Этой же самой осенью дед купил лошадь у дсехца, лесника Алхоенца Адама. Крепкую, добрую тёмно-гнедую лошадку, которая обижалась, когда её пускали рысью, к иному потому как привыкла, должность лесника обязывала к грозной, стремительной скорости — из Цмакута в Дсех, из Дсеха в центр. Армик сказал: как лошадь зовут? А так и зовут, сказал дед, лошадь, она у нас работать будет, Валодик с Армиком будут учиться, а она работать. И тогда Валодик удивился, совсем как дед: вуэй, так и скажи тогда, что имя её Алхо.

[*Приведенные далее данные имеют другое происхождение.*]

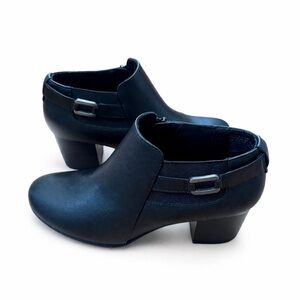 Croft & Barrow Black Ankle Boots — Women's Size 6.5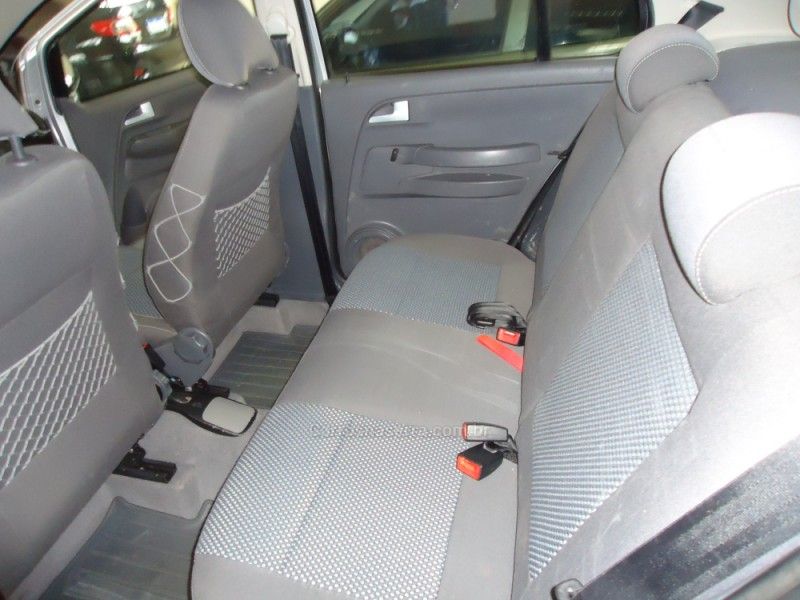 VOLKSWAGEN FOX 1.6 MI ROUTE 8V 2008/2008 BOURSCHEID CARROS E MOTOS SANTA CLARA DO SUL / Carros no Vale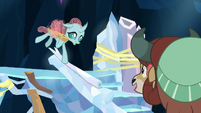 Ocellus attaches small piece to big piece S9E3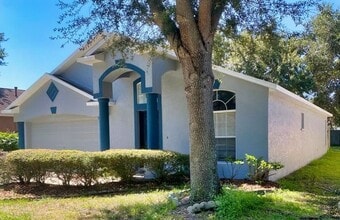 Building Photo - 727 Somerstone Dr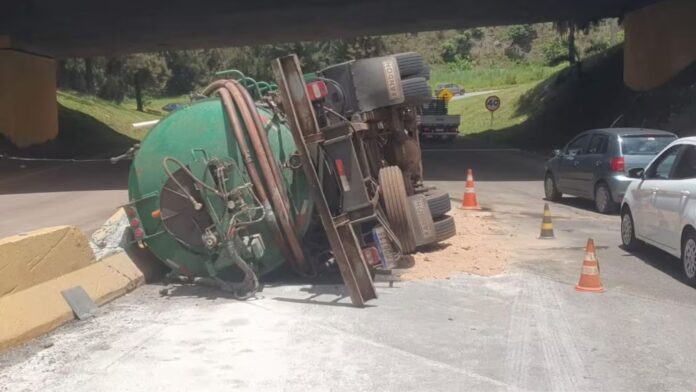 Acidente na BR-040: caminhão tomba no trevo do Olhos D'água, em Belo Horizonte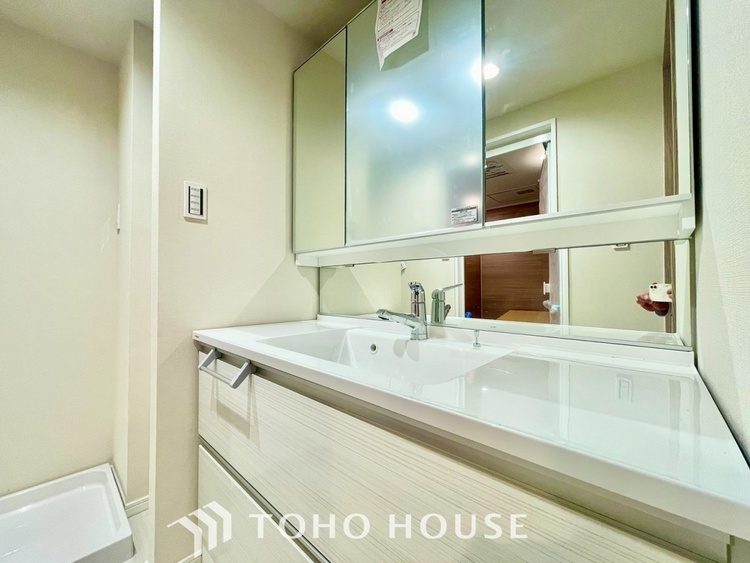 洗面 【WASHROOM】◆快適◆煌びやかな暮らしの中にも忘れたくない快適さ。大きな収納が助けてくれます。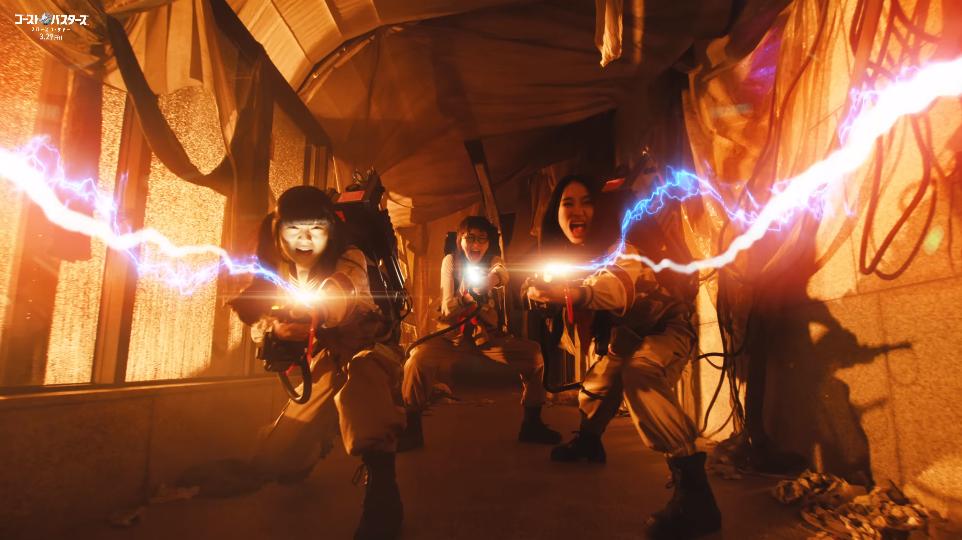 ATARASHII GAKKO!為新片唱出日本限定主題曲《Ghostbusters:Frozen Summer》。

А спустя ещё немного времени пленных освободили, отпустили из туманяновского леса, и ещё больше даже, чем сами они, облегчённо перевёл дух отец. С Алхо вместе отец ушёл на заработки и вернулся с пшеницей и ячменём. Запахло хлебом. Ещё немного, ещё немножечко, и из полной, глухой безвестности вернулся старший дядя. О том, где был, ничего нам не рассказал, просто вернулся. Так в нашем квартале Мнацаканянов заглаживались, можно сказать, следы войны, на склонах Медовой Груши резвились ягнята, козлёнок нашёл камушек и встал на него, сестра отца, вышедшая замуж в Дсех, приехала к нам погостить, младший дядя прислал из армии письмо и фотокарточку, и лицо его на этой карточке было по-армейски серьёзное и по-мнацаканяновски милое… была ясная светлая весна, и сын старшего дяди, Валодик, рассказал…
…Медведь шёл-шёл и ронял голову, шёл-шёл, а голова у него почти уже по земле волочилась. Беглый человек приближался к нему — штыком прикончить медведя, а медведь рычал и грыз штык. И снова медведь шёл и ронял голову. Такое, чтобы медведь грыз штык, дети с дедом один только раз видели, но было яснее ясного, что позорную эту дорогу он прошёл именно так: медведь всё поворачивался, чтобы задушить его, а он, подыхая от страха, штыком царапал медведю морду, и ни разу за это время не прогрохотал его могучий карабин, потому что прогрохочет — и что тогда?.. Мол, вот он, я здесь, идите берите меня, так, что ли? Зажатый между двумя страхами — перед людьми и перед медведем, — он не имел права пальнуть из своего карабина. Его огонь для шашлыка не мог уже заполыхать — медвежье мясо он должен был глотать сырым, да, сырым, а потом молча корчиться от колик. Он ел снег и приставил палец ко рту — тише, мол, меня здесь нет, вы меня не видели. Приподнявшись на цыпочки, опёршись на вилы, дед поглядывал на окровавленную дорогу: а как же, мол, дорога-то от самой Калкары, от дубняка до Кошкара? А он поднял глаза к небу, — может, дай бог, ещё снег пойдёт и заметёт наш позорный путь. Медведь шёл-шёл и хватал ртом снег, и человек тоже, зажав в кулаке снег, жадно сосал его.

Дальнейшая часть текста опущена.